=== Begin Enclosure ===
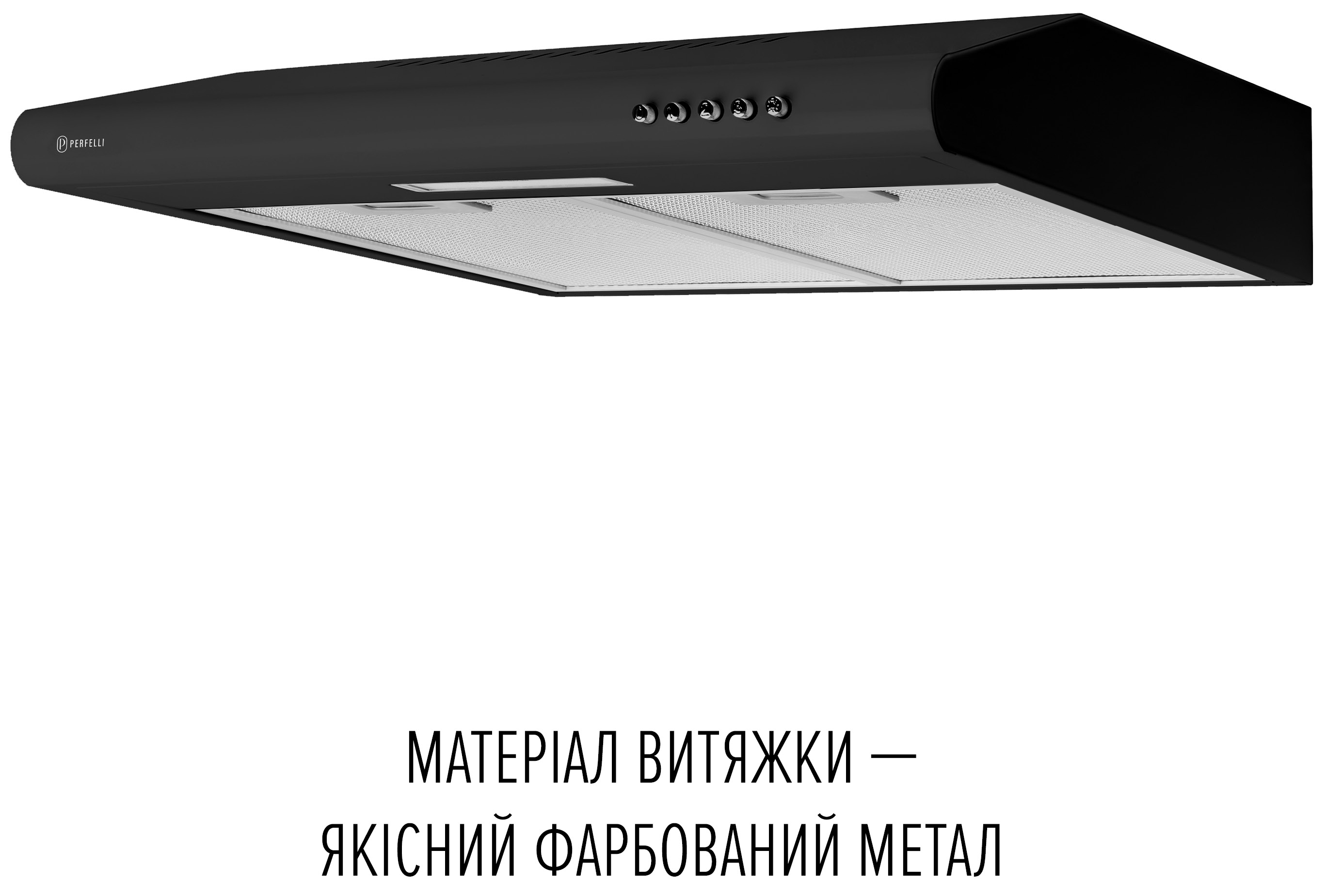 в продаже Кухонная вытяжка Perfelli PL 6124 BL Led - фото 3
=== End Enclosure ===
=== Begin Enclosure ===
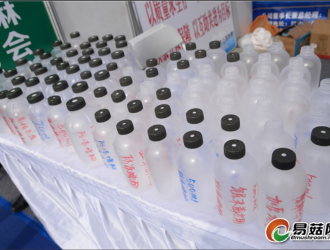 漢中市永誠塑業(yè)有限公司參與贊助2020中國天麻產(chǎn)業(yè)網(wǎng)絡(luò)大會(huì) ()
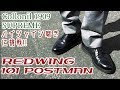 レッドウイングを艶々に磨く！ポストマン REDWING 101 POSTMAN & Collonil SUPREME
=== End Enclosure ===
=== Begin Enclosure ===
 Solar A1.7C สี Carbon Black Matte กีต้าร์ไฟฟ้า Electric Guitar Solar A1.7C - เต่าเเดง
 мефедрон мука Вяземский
=== End Enclosure ===
# Work request
Starting at the line above that contains "Solar A1.7C สี", write out each line exactly until the line that contains "мефедрон мука Вяземский" has been written, and stop there.

# Exercise answer
 Solar A1.7C สี Carbon Black Matte กีต้าร์ไฟฟ้า Electric Guitar Solar A1.7C - เต่าเเดง
 мефедрон мука Вяземский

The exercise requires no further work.